(Raw data begins)

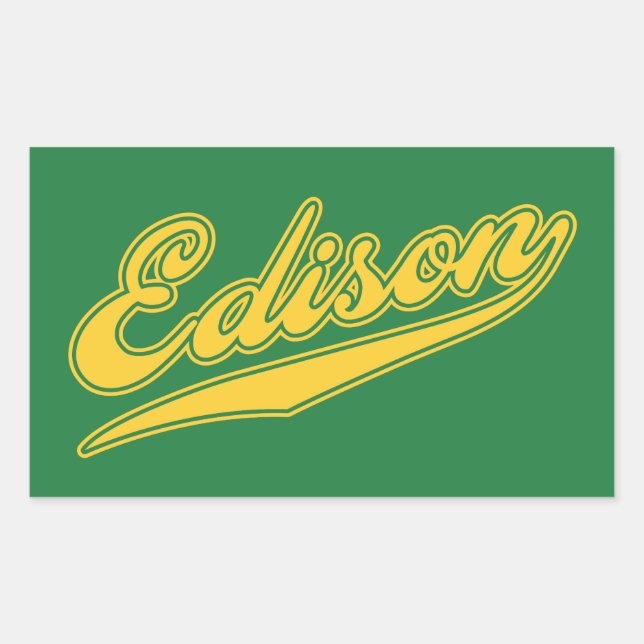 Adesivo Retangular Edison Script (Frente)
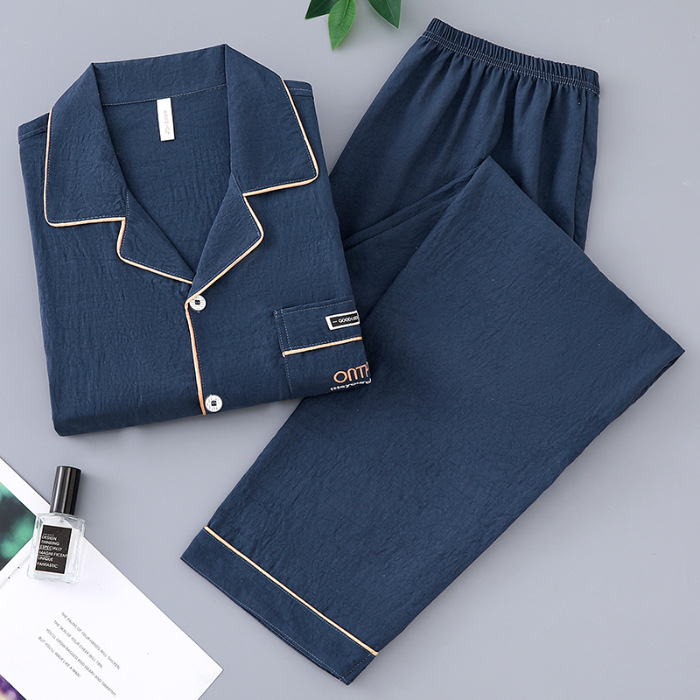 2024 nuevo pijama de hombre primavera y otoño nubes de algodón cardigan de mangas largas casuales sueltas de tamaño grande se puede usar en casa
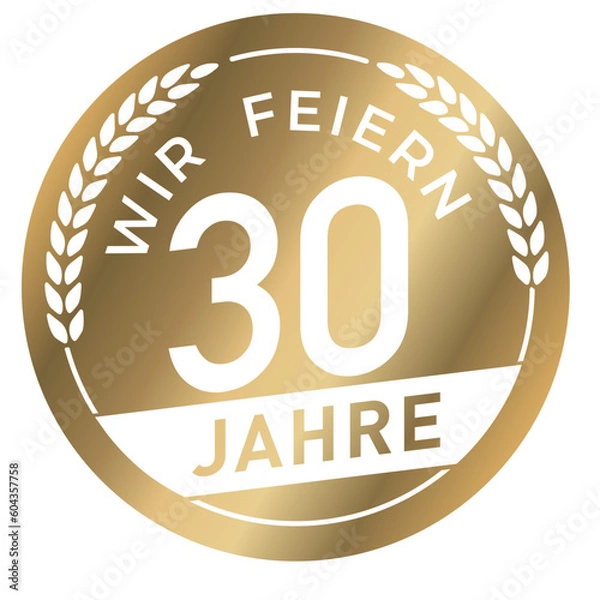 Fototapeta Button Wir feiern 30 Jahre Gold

(Raw data ends)

* **Exercise directions**:
Go through the listing above and write it out again exactly, dropping the pictures.

* **Exercise output**:
 Adesivo Retangular Edison Script (Frente)
 2024 nuevo pijama de hombre primavera y otoño nubes de algodón cardigan de mangas largas casuales sueltas de tamaño grande se puede usar en casa
 Fototapeta Button Wir feiern 30 Jahre Gold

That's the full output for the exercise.